This question is popped several times, but I could not find a proper answer for it. I think now I found a good solution!
Unfortunately parallel
is not the part of the standard distributions, but make is. It has a switch -j
to do makes parallel.
man make(1)]: (more info on make's parallel execution)
-j [jobs], --jobs[=jobs]
Specifies the number of jobs (commands) to run simultaneously. If
there is more than one -j option, the last one is effective. If
the -j option is given without an argument, make will not limit
the number of jobs that can run simultaneously.
So with a proper Makefile
the problem could be solved.
.PHONY: all $(PHP_DEST)
# Create an array of targets in the form of PHP1 PHP2 ... PHP90
PHP_DEST := $(addprefix PHP, $(shell seq 1 1 90))
# Default target
all: $(PHP_DEST)
# Run the proper script for each target
$(PHP_DEST):
N=$(subst PHP,,$@); php path$N/some_job_$N.php
It creates 90 of PHP#
targets each calls php path#/some_job_#.php
. If You run make -j 5
then it will run 5 instance of php parallel.

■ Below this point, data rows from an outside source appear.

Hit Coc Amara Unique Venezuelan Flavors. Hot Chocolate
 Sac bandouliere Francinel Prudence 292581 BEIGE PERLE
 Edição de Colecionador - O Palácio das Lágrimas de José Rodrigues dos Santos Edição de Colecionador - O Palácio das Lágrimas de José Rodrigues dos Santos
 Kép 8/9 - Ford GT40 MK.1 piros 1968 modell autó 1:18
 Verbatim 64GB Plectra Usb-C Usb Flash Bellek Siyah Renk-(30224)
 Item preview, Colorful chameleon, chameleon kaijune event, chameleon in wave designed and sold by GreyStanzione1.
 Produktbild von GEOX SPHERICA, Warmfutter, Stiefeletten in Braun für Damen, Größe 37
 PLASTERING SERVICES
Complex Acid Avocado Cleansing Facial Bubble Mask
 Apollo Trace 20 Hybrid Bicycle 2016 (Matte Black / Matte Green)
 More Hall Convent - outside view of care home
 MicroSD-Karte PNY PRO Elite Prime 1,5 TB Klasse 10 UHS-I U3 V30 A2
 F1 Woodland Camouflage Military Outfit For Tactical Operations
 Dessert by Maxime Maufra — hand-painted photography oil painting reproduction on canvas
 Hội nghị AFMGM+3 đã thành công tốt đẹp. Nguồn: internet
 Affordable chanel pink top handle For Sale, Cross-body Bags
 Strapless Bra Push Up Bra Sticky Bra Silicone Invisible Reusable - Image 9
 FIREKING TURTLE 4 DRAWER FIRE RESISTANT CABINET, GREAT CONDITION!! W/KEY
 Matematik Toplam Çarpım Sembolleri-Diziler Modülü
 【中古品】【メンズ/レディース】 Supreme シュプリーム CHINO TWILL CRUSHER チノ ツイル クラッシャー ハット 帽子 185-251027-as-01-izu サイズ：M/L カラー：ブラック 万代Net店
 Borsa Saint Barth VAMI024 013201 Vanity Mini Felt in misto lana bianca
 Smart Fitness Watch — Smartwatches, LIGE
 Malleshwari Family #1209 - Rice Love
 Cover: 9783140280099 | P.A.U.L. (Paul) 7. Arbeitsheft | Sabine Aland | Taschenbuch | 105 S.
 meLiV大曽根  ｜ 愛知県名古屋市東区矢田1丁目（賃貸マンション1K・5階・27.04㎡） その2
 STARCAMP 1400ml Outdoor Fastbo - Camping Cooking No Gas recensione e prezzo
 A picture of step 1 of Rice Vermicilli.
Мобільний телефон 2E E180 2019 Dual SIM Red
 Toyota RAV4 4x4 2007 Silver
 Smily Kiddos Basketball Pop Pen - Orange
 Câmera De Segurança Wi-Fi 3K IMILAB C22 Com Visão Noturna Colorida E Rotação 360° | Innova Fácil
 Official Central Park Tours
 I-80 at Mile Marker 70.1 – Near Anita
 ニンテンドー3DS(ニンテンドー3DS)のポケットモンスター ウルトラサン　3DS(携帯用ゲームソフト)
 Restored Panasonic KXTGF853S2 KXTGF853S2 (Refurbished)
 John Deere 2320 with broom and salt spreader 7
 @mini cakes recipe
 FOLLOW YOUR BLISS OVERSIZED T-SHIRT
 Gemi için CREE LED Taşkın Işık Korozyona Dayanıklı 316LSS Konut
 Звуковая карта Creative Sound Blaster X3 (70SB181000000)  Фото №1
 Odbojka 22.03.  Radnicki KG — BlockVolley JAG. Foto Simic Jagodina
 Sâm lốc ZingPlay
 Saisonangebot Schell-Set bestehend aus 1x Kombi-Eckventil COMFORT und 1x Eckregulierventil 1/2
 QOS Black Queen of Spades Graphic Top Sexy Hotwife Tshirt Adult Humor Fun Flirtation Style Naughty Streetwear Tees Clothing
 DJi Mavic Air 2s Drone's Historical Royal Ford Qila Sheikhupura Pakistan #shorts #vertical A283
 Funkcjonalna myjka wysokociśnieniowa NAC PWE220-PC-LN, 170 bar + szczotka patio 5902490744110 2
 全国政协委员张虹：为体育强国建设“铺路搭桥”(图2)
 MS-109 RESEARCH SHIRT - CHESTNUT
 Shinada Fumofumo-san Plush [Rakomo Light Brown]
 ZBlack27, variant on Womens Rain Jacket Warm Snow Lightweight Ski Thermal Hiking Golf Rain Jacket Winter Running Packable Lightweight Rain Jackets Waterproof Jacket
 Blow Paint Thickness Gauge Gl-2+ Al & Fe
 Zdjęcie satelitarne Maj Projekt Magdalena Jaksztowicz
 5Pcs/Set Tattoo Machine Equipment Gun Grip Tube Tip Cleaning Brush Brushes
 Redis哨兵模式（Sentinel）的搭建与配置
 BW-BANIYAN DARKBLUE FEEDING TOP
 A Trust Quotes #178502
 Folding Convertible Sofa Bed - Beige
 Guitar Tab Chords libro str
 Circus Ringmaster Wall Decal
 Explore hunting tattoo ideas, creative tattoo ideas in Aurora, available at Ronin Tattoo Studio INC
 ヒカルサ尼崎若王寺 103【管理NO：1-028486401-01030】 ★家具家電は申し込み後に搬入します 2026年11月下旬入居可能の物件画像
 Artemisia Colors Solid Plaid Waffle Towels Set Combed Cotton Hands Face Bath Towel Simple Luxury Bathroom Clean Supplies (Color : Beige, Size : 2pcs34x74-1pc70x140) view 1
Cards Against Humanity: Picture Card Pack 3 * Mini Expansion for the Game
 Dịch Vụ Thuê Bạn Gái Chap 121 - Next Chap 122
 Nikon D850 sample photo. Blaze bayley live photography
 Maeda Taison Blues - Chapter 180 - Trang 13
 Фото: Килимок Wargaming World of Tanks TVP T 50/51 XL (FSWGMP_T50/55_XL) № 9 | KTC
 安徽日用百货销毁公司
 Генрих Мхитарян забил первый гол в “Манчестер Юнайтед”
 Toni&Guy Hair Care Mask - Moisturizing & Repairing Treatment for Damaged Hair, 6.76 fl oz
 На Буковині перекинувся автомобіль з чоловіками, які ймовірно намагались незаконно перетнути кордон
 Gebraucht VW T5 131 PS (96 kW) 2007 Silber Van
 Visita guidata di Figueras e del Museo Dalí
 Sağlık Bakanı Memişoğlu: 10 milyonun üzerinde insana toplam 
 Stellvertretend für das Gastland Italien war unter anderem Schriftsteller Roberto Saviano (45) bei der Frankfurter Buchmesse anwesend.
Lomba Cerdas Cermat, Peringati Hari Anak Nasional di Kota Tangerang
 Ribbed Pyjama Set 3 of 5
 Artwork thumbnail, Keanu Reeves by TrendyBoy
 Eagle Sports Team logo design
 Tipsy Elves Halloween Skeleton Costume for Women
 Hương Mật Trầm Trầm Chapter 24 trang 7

If one finishes it starts the next.
I renamed the Makefile
to parallel.mak
, I run chmod 700 parallel.mak
and I added #!/usr/bin/make -f
to the first line. Now it can be called as ./parallel.mak -j 5
.
Or even You can use the more sophisticated -l
switch:
-l [load], --load-average[=load]
Specifies that no new jobs (commands) should be started if there
are others jobs running and the load average is at least load (a
floating-point number). With no argument, removes a previous load
limit.
In this case make will decide how many jobs can be launched depending on the system's load.
I tested it with ./parallel.mak -j -l 1.0
and run nicely. It started 4 programs in parallel at first contrary -j
without args means run as many process parallel as it can.